Manco a dirlo, l’avviso è andato deserto, eccezion fatta per la suddetta Associazione che si è così aggiudicata la gestione “Speciale”.

Delle due l’una: o del tanto decantato fermento culturale del “paese reale” resta ben poco, o realmente in paese le cose si comunicano troppo poco e male e, quindi, bisogna rimediare.

L’Amministrazione dovrebbe prendersi la briga di informare e comunicare meglio e i cittadini quella di controllare di più.

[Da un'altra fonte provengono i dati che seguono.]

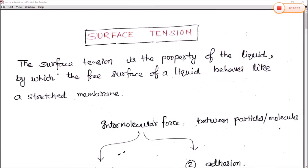Today we are going to start a new topic: surface tension, which is included in the first semester physics. In this chapter we will study surface tension and its properties, different types of surfaces — concave, convex, and plane surface — determination of surface tension by Jaeger's method and Tinkle's method, gravity waves and ripple waves, and the dependence of surface tension on temperature. We will divide this chapter into 3 to 4 parts.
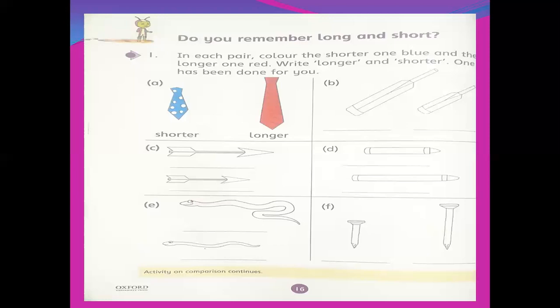Do you remember long and short? Question one: in each pair, color the shorter one blue and the longer one red. One has been done for you. Now students, in class one you will wear a tie, and your tie color is blue. Different types of ties are available in different colors, but here these pictures are of ties.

Perché, certo, un bando può avere un solo vincitore, ma quando a partecipare è solo uno, in un sistema veramente “democratico”, c’è qualcosa che non funziona alla perfezione.

In un paese in cui abbondano intitolazioni e targhe, proprio dove servirebbe quella giusta, manca.

Forse perché il “Centro Studi Marco e Rosa Speciale”, dal 2012 ad oggi, non è mai entrato davvero in funzione, nonostante un Regolamento comunale ne disciplini attività e obiettivi.

E i regolamenti – si sa – servono per essere rispettati, non solo menzionati quando tornano comodi.

Vigileremo affinché accada, perché ne va del rispetto delle disposizioni testamentarie della famiglia Speciale e, soprattutto, del diritto dei cittadini – e dei più giovani in particolare – ad avere una vera Casa della Cultura e un Centro Studi dedicato. 

Un Centro Studi operante e attivo, nel quale il Consiglio di Biblioteca, con le opportune integrazioni in rappresentanza delle istituzioni scolastiche, così per come previsto dal suddetto Regolamento, sia posto effettivamente nelle condizioni di contribuire alla programmazione culturale, controllando e coordinando le attività, le iniziative e sovrintendendo all’uso della struttura e delle attrezzature contenute nella stessa.

Perché i luoghi non devono essere considerati tali solo per le loro stanze e mura, ma per il contenuto che vi si coltiva dentro.

E le “stanze pubbliche” devono restare tali: aperte a tutti, inclusive e trasparenti. 

Anche questa è Cultura: Cultura della partecipazione.